Icons mess up

I'm sure I'll blog about the Icons project at greater length at due course, because it's an interesting and difficult project that also touches on lots of things I work with, but here's a quickie which starts with a BIG MISTAKE they made.

Oh dear - if you go to their atlas page, try to find the 'east of England' area. It's where the East Midlands should be. And vice versa.
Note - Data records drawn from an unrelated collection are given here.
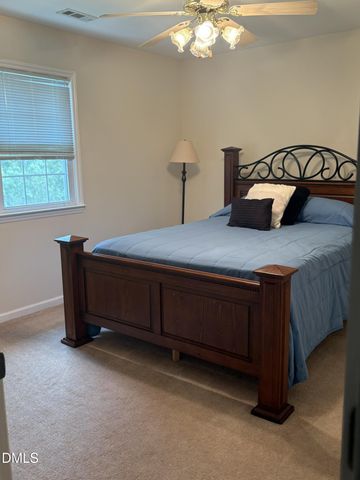 118 Meadowood Drive No, Burlington, NC 27215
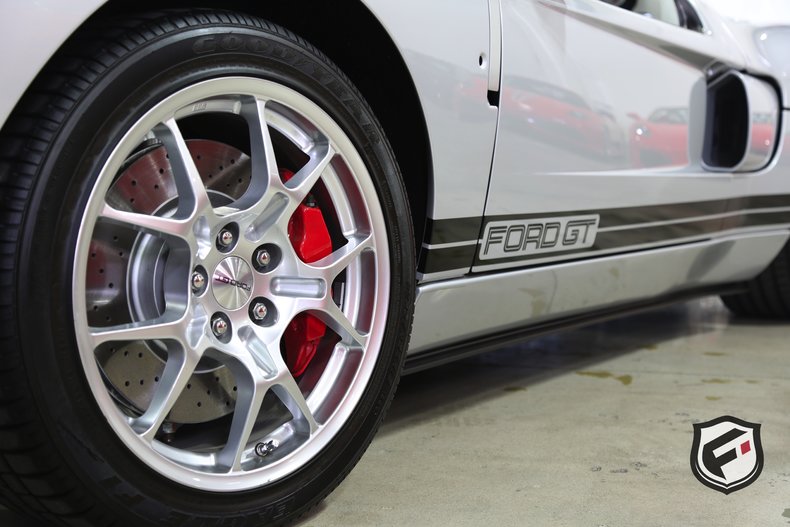 2005 Ford GT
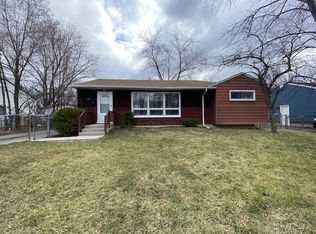 2225 Winnebago Rd, Waukegan, IL 60087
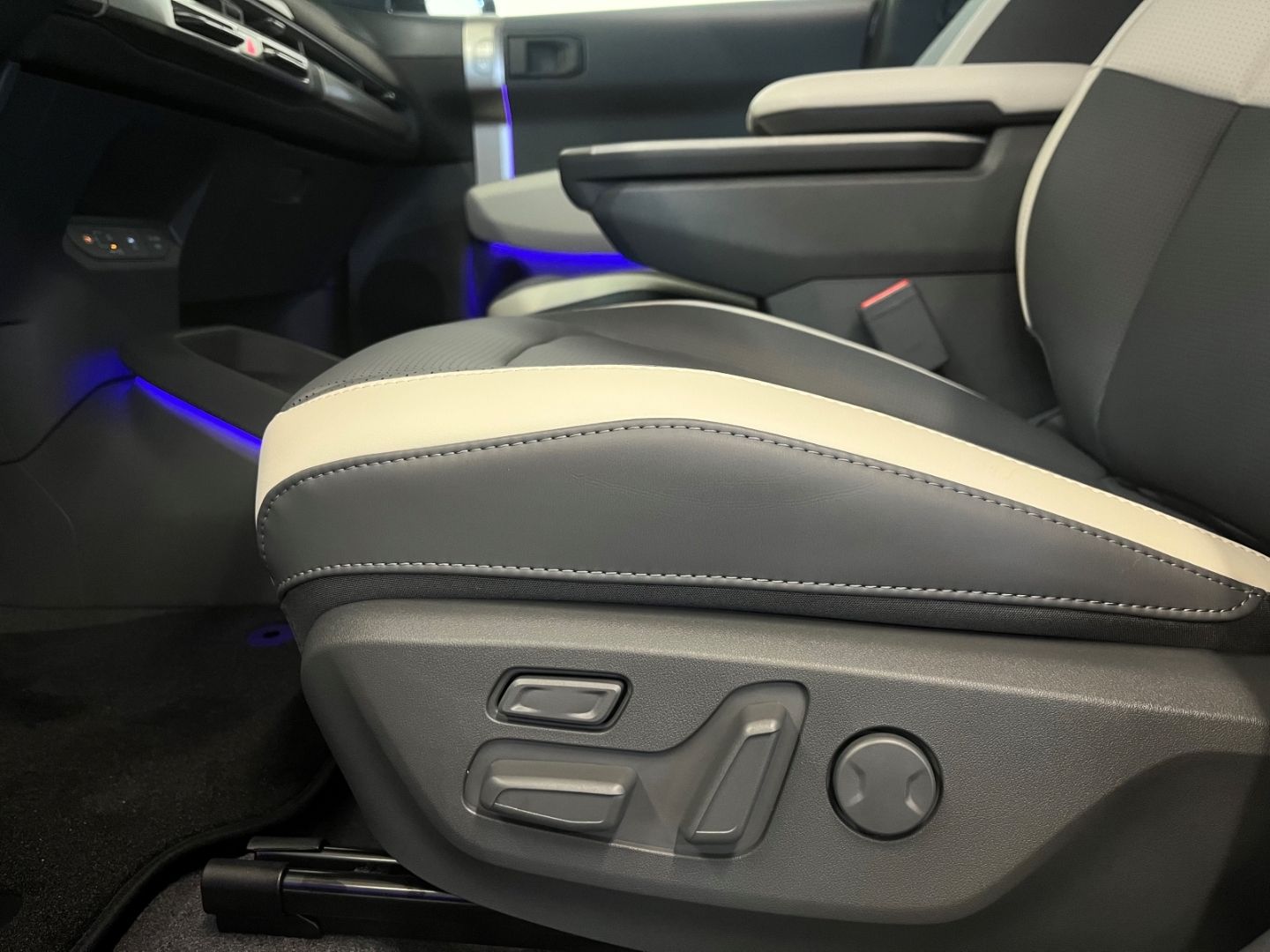 Fahrzeugabbildung Kia EV3 GT Line, Harman Kardon, Sitzlüftung, LED, Me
As an East Anglian, this riles me, and it's unfortunately ironic, symptomatic of the London-centrism of the trendy web designers that invented the whole project to look at 'Englishness'. While we're on the map, I'm not sure how the Isle of Man feels about being part of Cumbria either.

And then, when you do go to the East of England page - or, for that matter, any of the other regional pages - there's hardly any items on them. London gets a whole sheaf - but someone's really not been doing their research. Given that one of their first twleve 'icons' is the Empire Windrush, isn't it a bit strange not to put Tilbury on the atlas page for the East, when London gets Windrush Square in Brixton? and why does Chelsea and Man Utd football clubs get a mention, and not Arsenal, or Liverpool? are they only things of interest in the whole of Merseyside an Anthony Gormley installation and an art gallery - nothing about the Liver Building, the Cavern Club or any other Mersey icons?

I know that the idea of the project is to start a debate, and by writing this post I'm probably pleasing them, but it does strike me as more than a little insensitive to be so blatantly lazy about the regions. The Bramah Tea and Coffee Museum round the corner from my office is not more 'iconic' than Blackpool Pleasure Beach, which gets its image used as the map 'icon' for the North-West but doesn't actually merit getting an entry. And poor Cumbria and West Midlands gets absolutely no entries - no Lake District, Staffordshire Potteries, canals, Coventry Cathedral, Stratford-upon-Avon - what the hell were they thinking?

What is stranger is that in the national press no-one I've read so far has picked up on this. Has our media really gotten so introverted? Surely someone's noticed the sheer laziness of this piece of work - thinking its being 'inclusive' by nominating the Windrush and cups of tea, while leaving out whole swathes of the country?